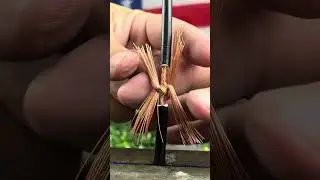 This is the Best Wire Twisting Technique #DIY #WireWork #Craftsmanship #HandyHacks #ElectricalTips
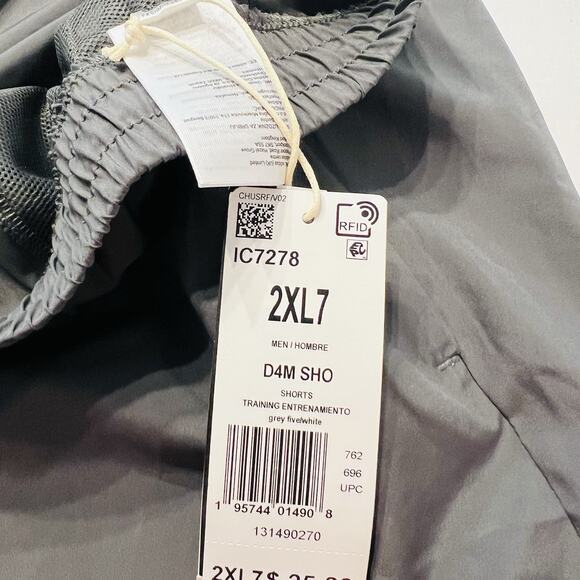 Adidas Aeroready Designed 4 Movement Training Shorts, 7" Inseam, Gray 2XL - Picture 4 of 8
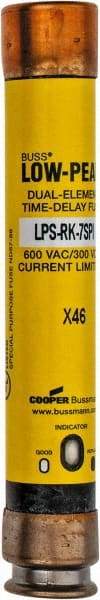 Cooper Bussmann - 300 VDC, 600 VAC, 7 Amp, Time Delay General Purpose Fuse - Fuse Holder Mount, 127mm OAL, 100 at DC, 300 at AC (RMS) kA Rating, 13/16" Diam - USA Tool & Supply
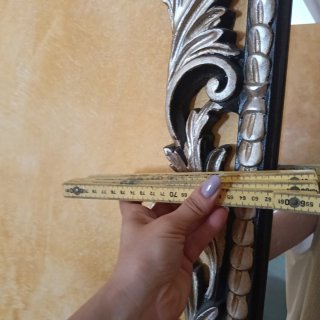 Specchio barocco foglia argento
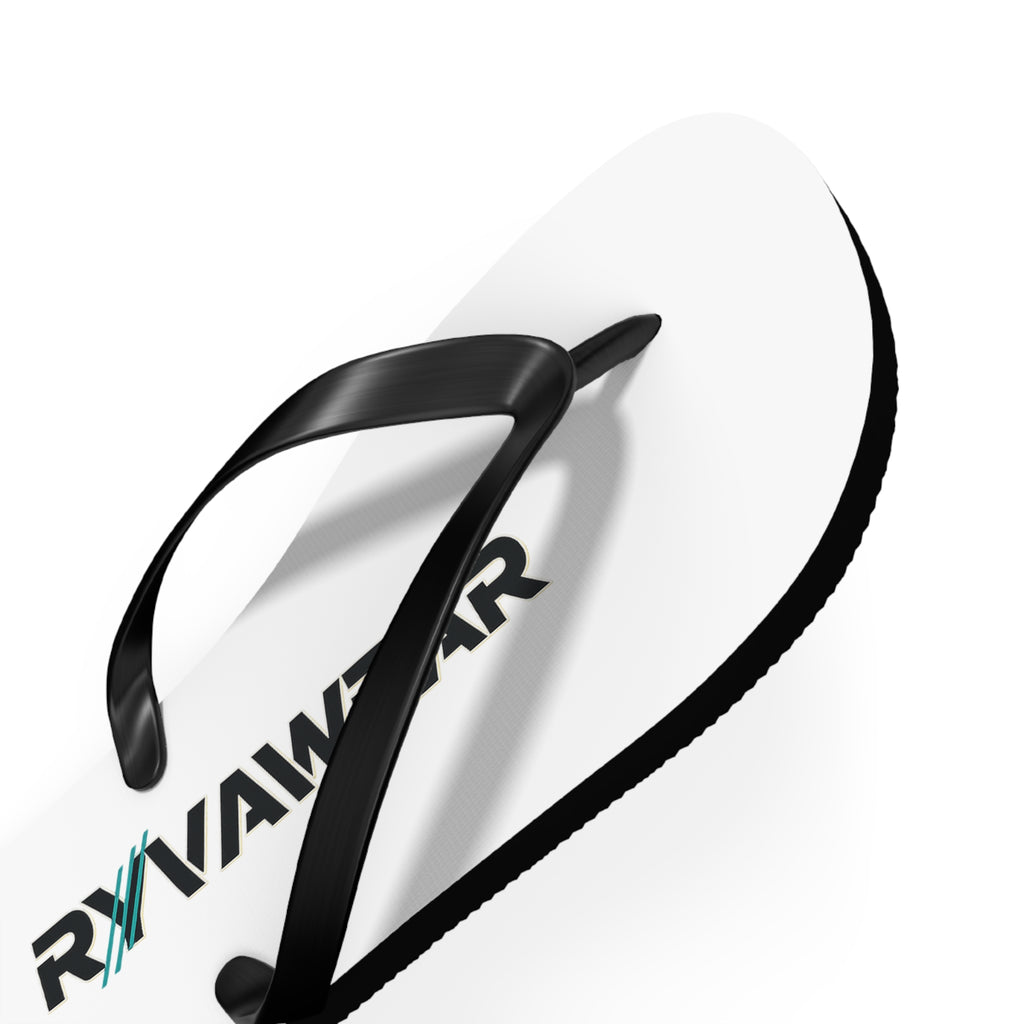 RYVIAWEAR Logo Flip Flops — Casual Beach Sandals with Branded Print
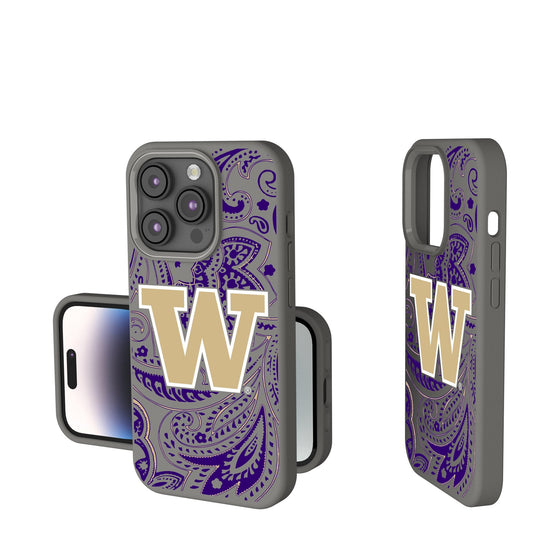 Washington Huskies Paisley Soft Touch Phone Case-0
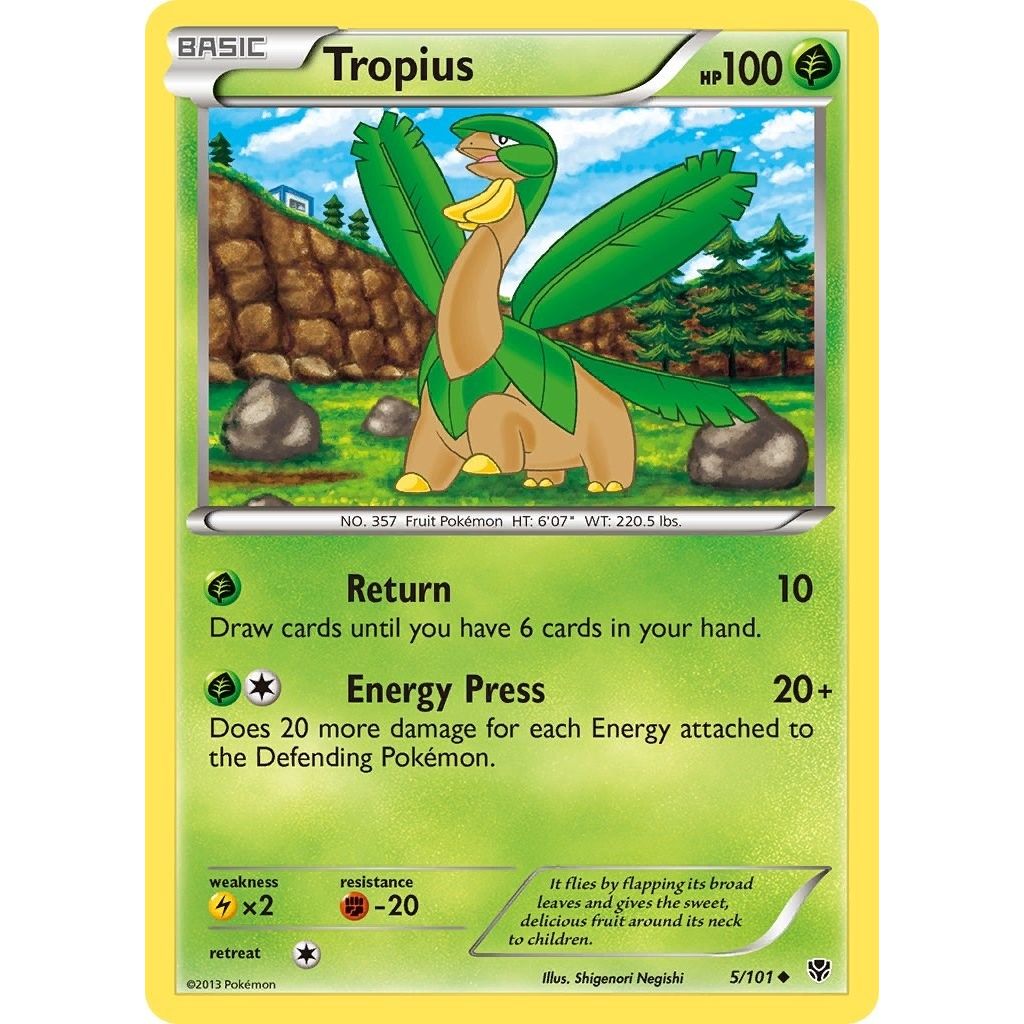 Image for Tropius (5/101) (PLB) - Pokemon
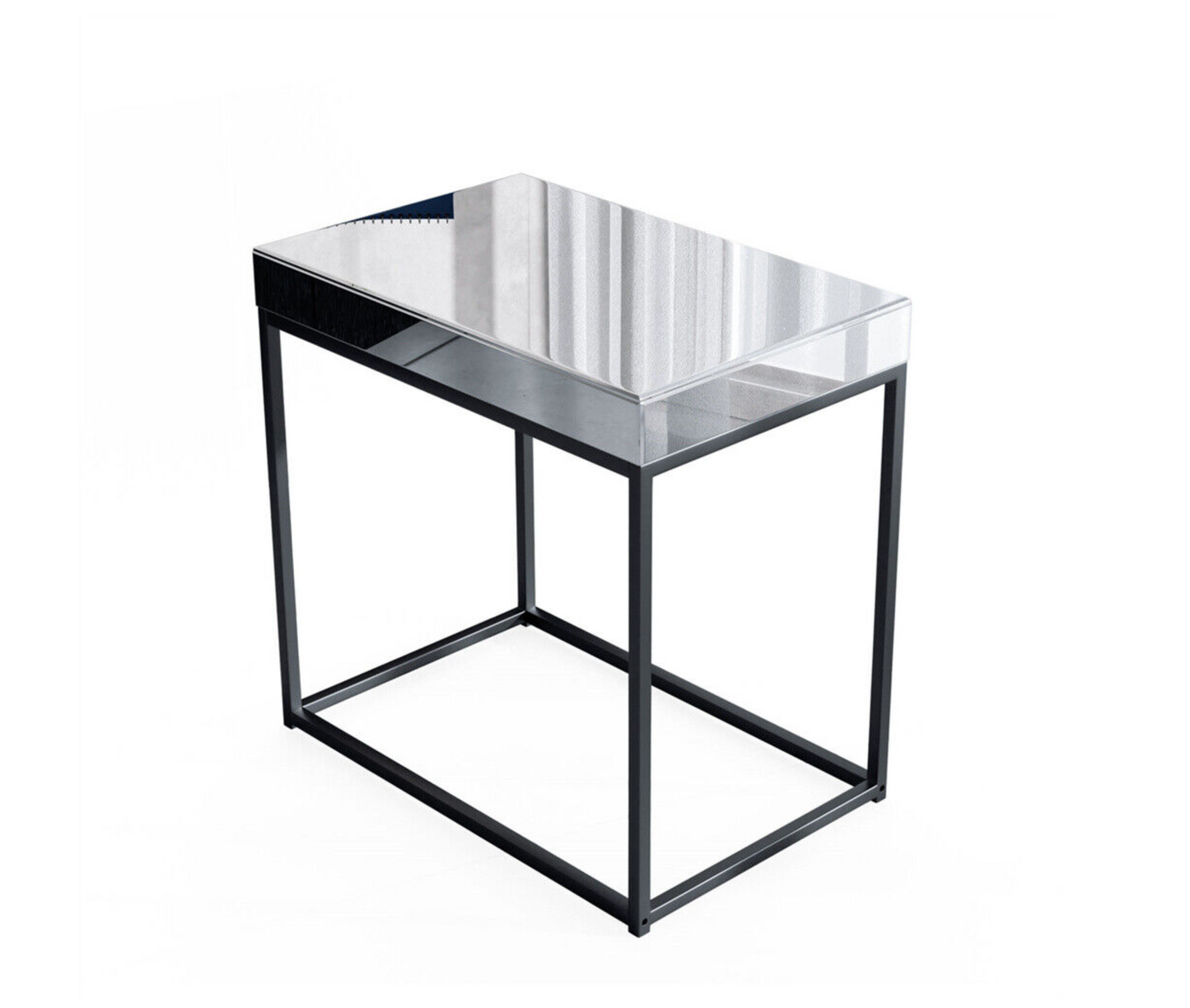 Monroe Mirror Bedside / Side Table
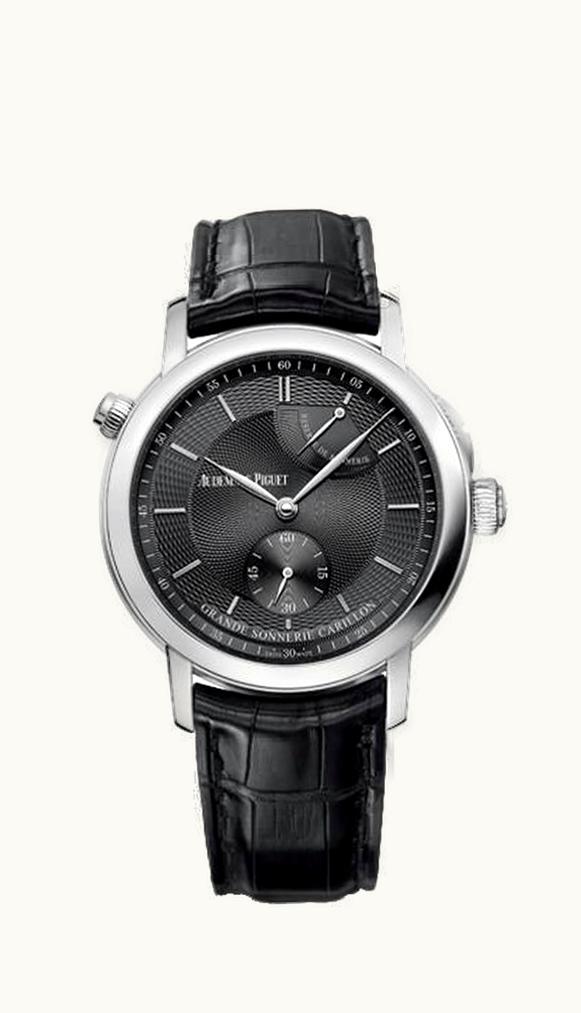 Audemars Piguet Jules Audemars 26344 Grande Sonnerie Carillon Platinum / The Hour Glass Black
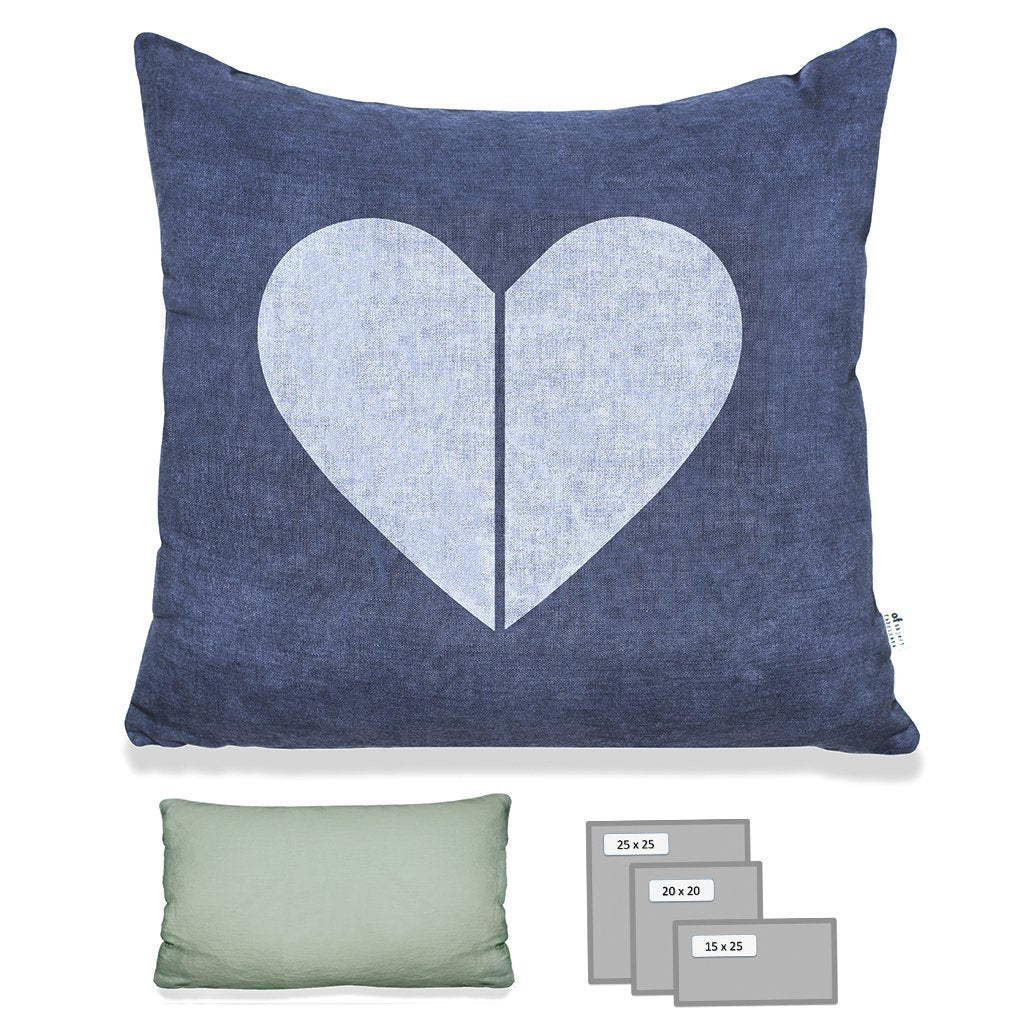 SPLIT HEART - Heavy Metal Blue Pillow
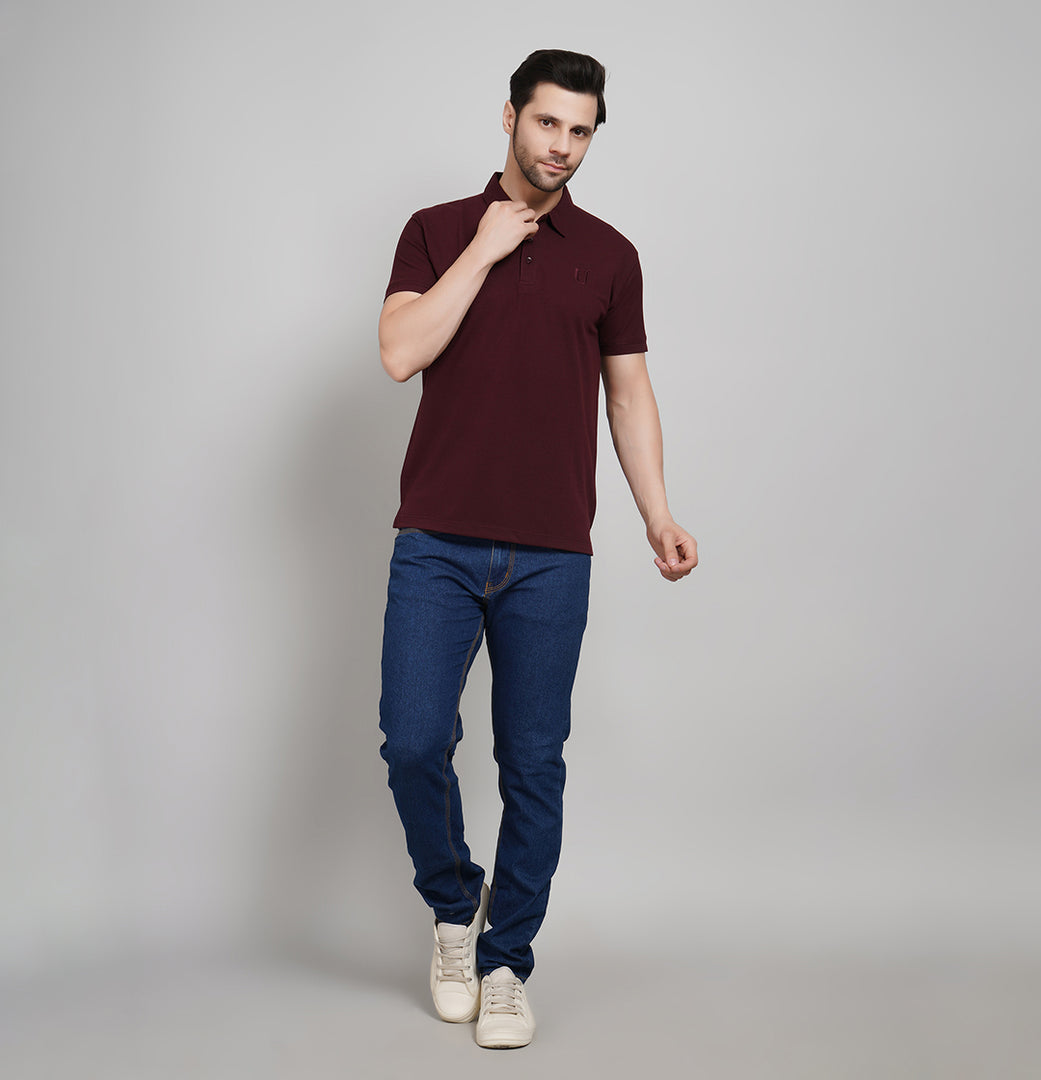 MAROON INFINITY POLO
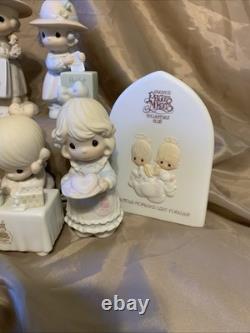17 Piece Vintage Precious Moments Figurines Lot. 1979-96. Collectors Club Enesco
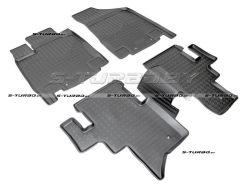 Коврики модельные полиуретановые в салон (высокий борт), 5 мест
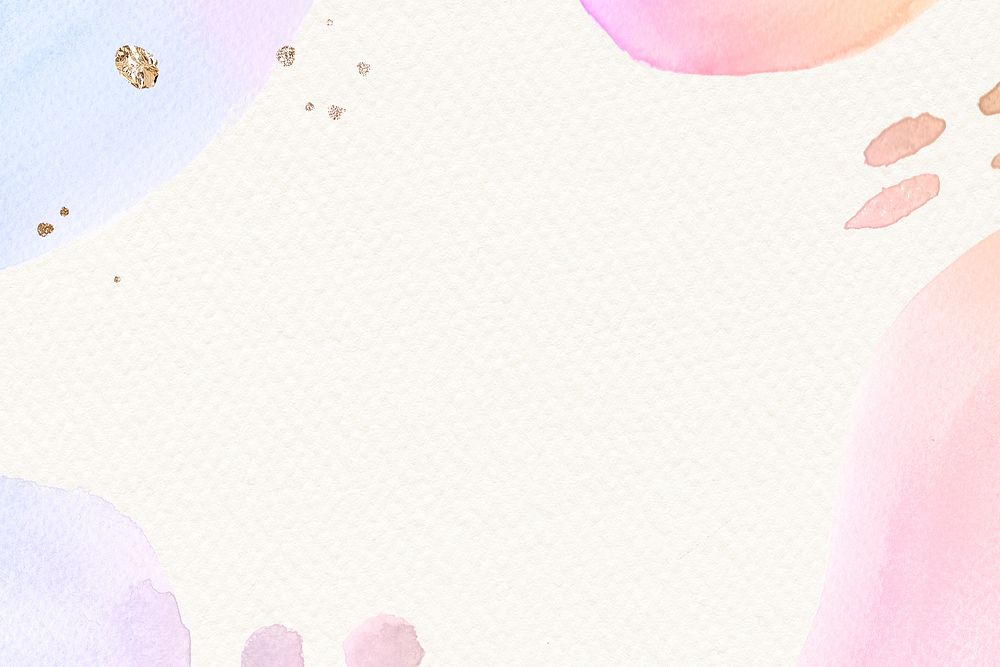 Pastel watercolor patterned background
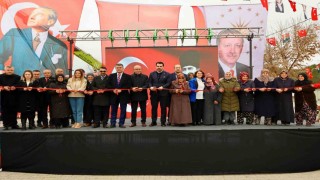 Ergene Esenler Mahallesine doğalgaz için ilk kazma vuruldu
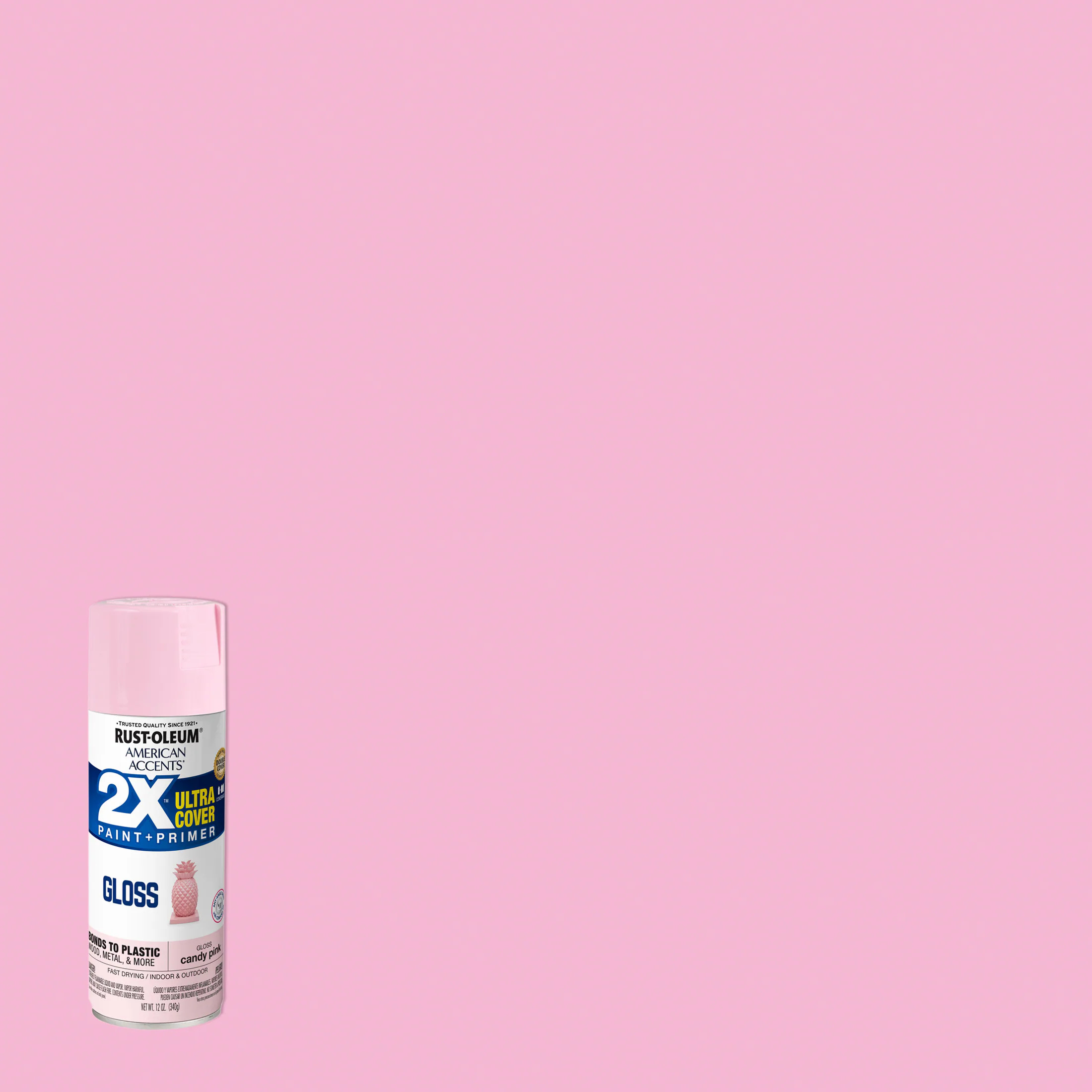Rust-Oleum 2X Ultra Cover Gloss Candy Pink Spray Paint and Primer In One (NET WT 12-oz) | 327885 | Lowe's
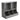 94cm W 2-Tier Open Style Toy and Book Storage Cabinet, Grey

▶ [Problem] Retype all the entries exactly; drop the pictures.

▶ [Task response]
 This is the Best Wire Twisting Technique #DIY #WireWork #Craftsmanship #HandyHacks #ElectricalTips
 Adidas Aeroready Designed 4 Movement Training Shorts, 7" Inseam, Gray 2XL - Picture 4 of 8
 Cooper Bussmann - 300 VDC, 600 VAC, 7 Amp, Time Delay General Purpose Fuse - Fuse Holder Mount, 127mm OAL, 100 at DC, 300 at AC (RMS) kA Rating, 13/16" Diam - USA Tool & Supply
 Specchio barocco foglia argento
 RYVIAWEAR Logo Flip Flops — Casual Beach Sandals with Branded Print
 Washington Huskies Paisley Soft Touch Phone Case-0
 Image for Tropius (5/101) (PLB) - Pokemon
 Monroe Mirror Bedside / Side Table
 Audemars Piguet Jules Audemars 26344 Grande Sonnerie Carillon Platinum / The Hour Glass Black
 SPLIT HEART - Heavy Metal Blue Pillow
 MAROON INFINITY POLO
17 Piece Vintage Precious Moments Figurines Lot. 1979-96. Collectors Club Enesco
 Коврики модельные полиуретановые в салон (высокий борт), 5 мест
 Pastel watercolor patterned background
 Ergene Esenler Mahallesine doğalgaz için ilk kazma vuruldu
Rust-Oleum 2X Ultra Cover Gloss Candy Pink Spray Paint and Primer In One (NET WT 12-oz) | 327885 | Lowe's
 94cm W 2-Tier Open Style Toy and Book Storage Cabinet, Grey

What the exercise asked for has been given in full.